Forums

Python 3 / scraping / ascii error when run under "schedule" tab

Hi y'all,

I'm running a little web scraper, Python 3, using Beautifulsoup and csv. Once a day, I hit a website, grab what's there and put it in a .csv.

When I run it under the "files" tab, it runs fine. It places the data I grab in a .csv.

But if I schedule it, it doesn't work due to a UnicodeEncodeError

 csvwriter.writerow(all_documents[i]) 
UnicodeEncodeError: 'ascii' codec can't encode character u'\u2019' in position 18: ordinal not in range(128)

all_documents[i] is a list of str

I'm not clear on how encoding works.

How can I make this work as a scheduled script?
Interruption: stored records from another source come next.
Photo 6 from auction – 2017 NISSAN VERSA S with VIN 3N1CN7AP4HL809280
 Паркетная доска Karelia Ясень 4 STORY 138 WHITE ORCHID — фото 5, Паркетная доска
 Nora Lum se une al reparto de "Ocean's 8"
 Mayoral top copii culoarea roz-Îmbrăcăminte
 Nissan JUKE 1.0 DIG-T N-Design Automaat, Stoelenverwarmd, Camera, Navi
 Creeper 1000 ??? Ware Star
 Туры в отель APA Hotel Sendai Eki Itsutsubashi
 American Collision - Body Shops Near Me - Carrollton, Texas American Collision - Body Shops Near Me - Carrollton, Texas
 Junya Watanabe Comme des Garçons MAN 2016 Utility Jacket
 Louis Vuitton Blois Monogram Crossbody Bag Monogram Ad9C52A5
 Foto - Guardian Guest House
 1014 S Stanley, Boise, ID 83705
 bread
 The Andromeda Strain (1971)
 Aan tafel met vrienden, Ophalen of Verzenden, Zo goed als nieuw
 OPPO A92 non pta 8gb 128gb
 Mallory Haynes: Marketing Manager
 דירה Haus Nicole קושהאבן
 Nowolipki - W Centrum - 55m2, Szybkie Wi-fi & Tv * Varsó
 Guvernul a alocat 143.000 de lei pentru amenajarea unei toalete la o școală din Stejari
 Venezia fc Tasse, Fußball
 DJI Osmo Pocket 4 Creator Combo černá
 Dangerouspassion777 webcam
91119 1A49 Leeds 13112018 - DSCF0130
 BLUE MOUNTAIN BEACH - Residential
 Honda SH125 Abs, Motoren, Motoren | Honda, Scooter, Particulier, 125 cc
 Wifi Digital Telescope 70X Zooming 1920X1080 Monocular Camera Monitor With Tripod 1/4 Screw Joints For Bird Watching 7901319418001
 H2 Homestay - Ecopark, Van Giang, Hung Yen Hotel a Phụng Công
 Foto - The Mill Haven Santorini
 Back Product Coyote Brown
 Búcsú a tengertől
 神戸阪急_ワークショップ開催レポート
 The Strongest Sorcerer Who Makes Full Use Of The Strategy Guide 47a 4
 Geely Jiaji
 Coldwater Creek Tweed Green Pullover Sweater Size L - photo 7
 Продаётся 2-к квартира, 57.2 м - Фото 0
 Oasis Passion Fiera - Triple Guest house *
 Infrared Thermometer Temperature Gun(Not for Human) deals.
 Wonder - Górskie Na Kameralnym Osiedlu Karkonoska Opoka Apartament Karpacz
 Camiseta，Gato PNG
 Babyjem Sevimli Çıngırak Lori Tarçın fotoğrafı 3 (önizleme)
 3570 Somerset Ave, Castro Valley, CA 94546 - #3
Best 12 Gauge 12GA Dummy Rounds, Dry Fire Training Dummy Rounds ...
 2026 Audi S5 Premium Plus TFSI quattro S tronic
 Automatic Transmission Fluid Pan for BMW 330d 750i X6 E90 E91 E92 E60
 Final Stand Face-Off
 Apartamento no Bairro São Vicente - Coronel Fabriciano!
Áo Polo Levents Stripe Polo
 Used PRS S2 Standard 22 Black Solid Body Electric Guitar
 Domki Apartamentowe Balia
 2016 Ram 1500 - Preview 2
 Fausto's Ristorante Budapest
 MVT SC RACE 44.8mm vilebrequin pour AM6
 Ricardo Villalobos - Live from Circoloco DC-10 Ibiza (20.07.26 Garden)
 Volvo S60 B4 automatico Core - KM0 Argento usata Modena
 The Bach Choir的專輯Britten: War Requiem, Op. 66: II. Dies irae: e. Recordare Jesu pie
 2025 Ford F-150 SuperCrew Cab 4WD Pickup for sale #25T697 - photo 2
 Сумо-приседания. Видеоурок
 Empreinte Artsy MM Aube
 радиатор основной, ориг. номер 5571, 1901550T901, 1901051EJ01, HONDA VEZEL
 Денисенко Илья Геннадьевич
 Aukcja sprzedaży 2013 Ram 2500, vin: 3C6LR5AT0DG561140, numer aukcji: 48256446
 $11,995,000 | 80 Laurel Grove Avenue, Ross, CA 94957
I think it might be a coincidence that the scheduled task hit that error - have you tried both ways of running it at the -same- time? Presumably the web page that you're scraping changes occasionally, and I suspect that sometimes the page content includes foreign / accented / other characters that your code isn't handling well.

The 'encode' function has options for error handling.

HTH

Jim

There are some slight differences in the environment for scheduled tasks and for consoles, which could explain why they have different defaults. (I know how infuriating this is. Python3 might be better than Python2, but I still can't, for the life of me, figure out why it doesn't just default to UTF8 everywhere).

In any case, to fix the problem, you'll want to just be explicit about your encodings and decodings. Use the encoding argument when you're opening your file for the csv.writer:

with open('/path/to/my.csv', newline='', encoding='utf-8') as f:

https://docs.python.org/3/library/csv.html